One of Europe’s leading neonatologists, Professor John Wyatt, has urged Christians to vigilantly challenge science on important ethical issues.
The Professor of Ethics & Perinatology at UCL insists that Christians should assist in ensuring that science and technology are used in ways that truly benefit people, and don’t just offer quick fixes.
In a speech sponsored by CARE this week, Professor Wyatt said science is on the verge of doing previously unthinkable things, such as providing ‘cures’ for ageing, drugs to suppress unpleasant memories, and all sorts of ‘human enhancements’ that need more careful thought before implementation.
The Professor insisted that if ethical lines are blurred then the “potential for evil is obvious.” He cited trends such as the selective killing of female foetuses and infants in parts of the world, and ‘reproductive tourism’, by which wealthy women use the poor as surrogate mothers, a practice he described as “rent a womb”.
“Whenever you hear people talking about the control of nature just beware of it turning out to be the strong abusing the weak,” said Wyatt.
The Professor cited the change in the debate around euthanasia and assisted suicide as a case in point, arguing that the human body is being increasingly seen as nothing more than a machine, and so euthanasia is adopted as the answer to a “body that is a failed machine”.

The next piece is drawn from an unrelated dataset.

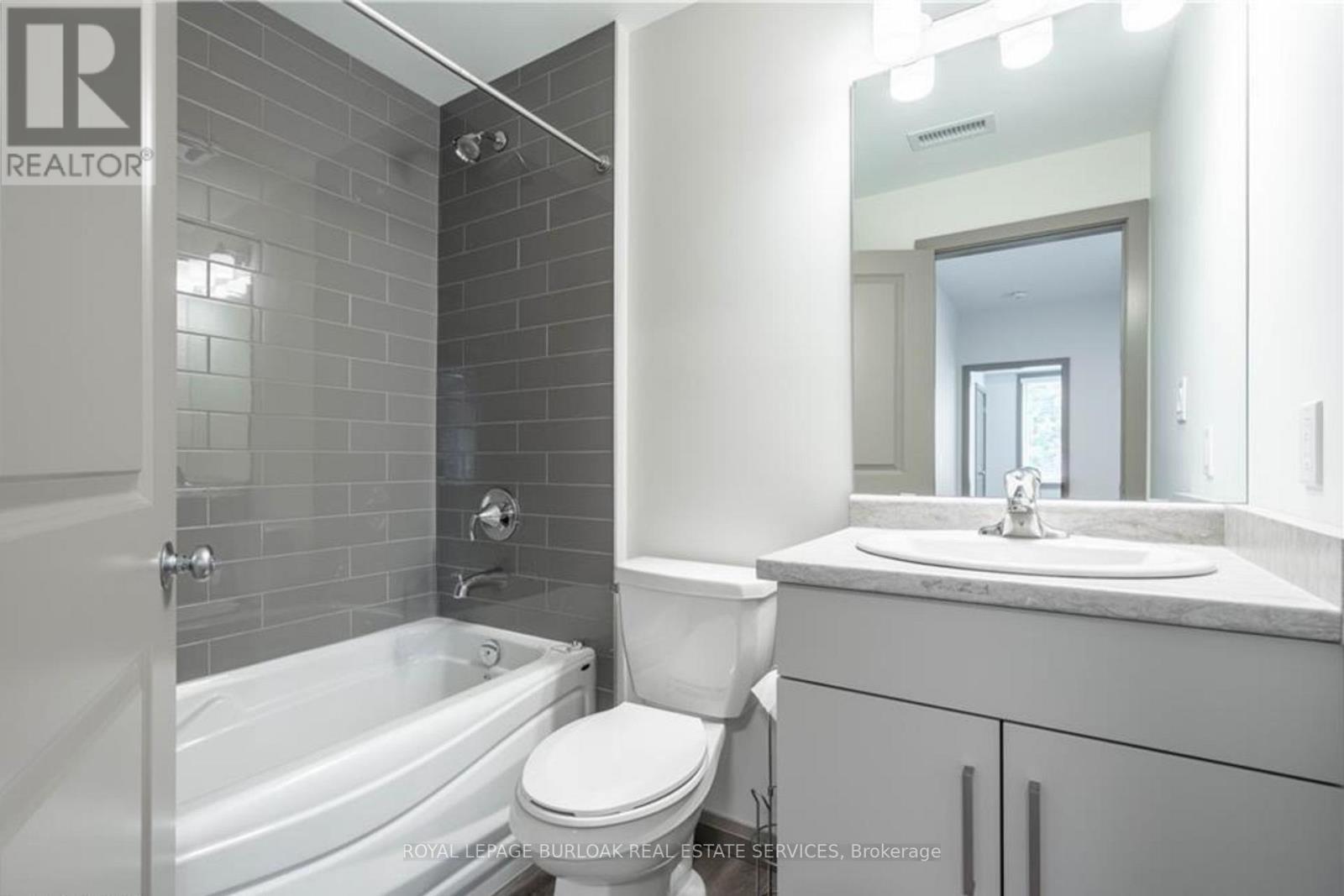 1C - 36 Grant Avenue, Hamilton, ON - Indoor Photo Showing Bathroom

“When this was being debated 15 years ago, the arguments were about pain and diseases like cancer. Now the arguments are not about pain but about control and autonomy,” he said.
“[It is] machine thinking coupled with the centrality of autonomy.”

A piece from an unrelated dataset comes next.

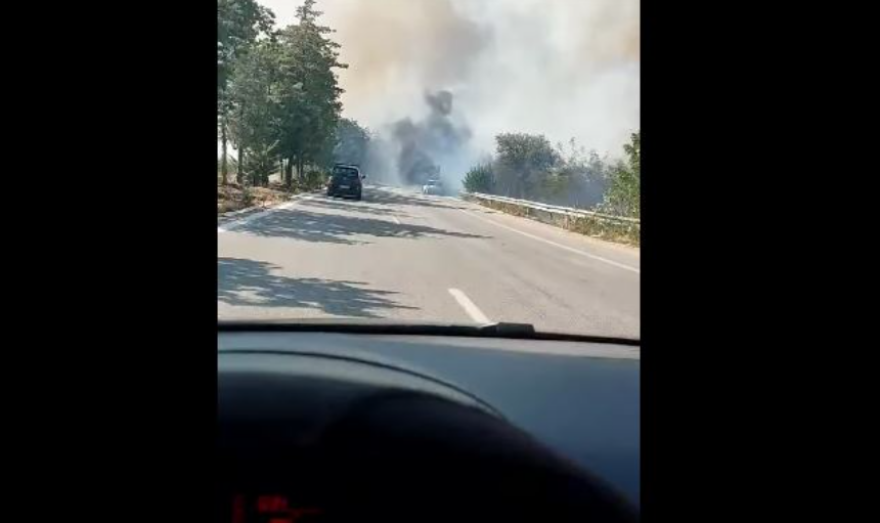 Πυρκαγιά σε αυτοκίνητο κοντά στους Ευζώνους - Παραμένει κλειστή η Εθνική και στα δύο ρεύματα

“We need to look for creation order and we especially need to look for the moral order because God has not just created atoms - a physical reality - but God has created a moral order that penetrates through every aspect of reality,” added the Professor.
Professor Wyatt also said that Christians need to challenge “materialistic, impoverished and reductionist conceptions” of humanity and reveal their “hidden link” to contemporary social problems.
“The threat to human identity from biomedical technology is less obvious and more subtle than that which comes from obvious threats like terrorism or totalitarianism or global warming but I believe it is more dangerous because it strikes at the heart of what it means to be human.
“With the façade of doing good, it is much more dangerous.”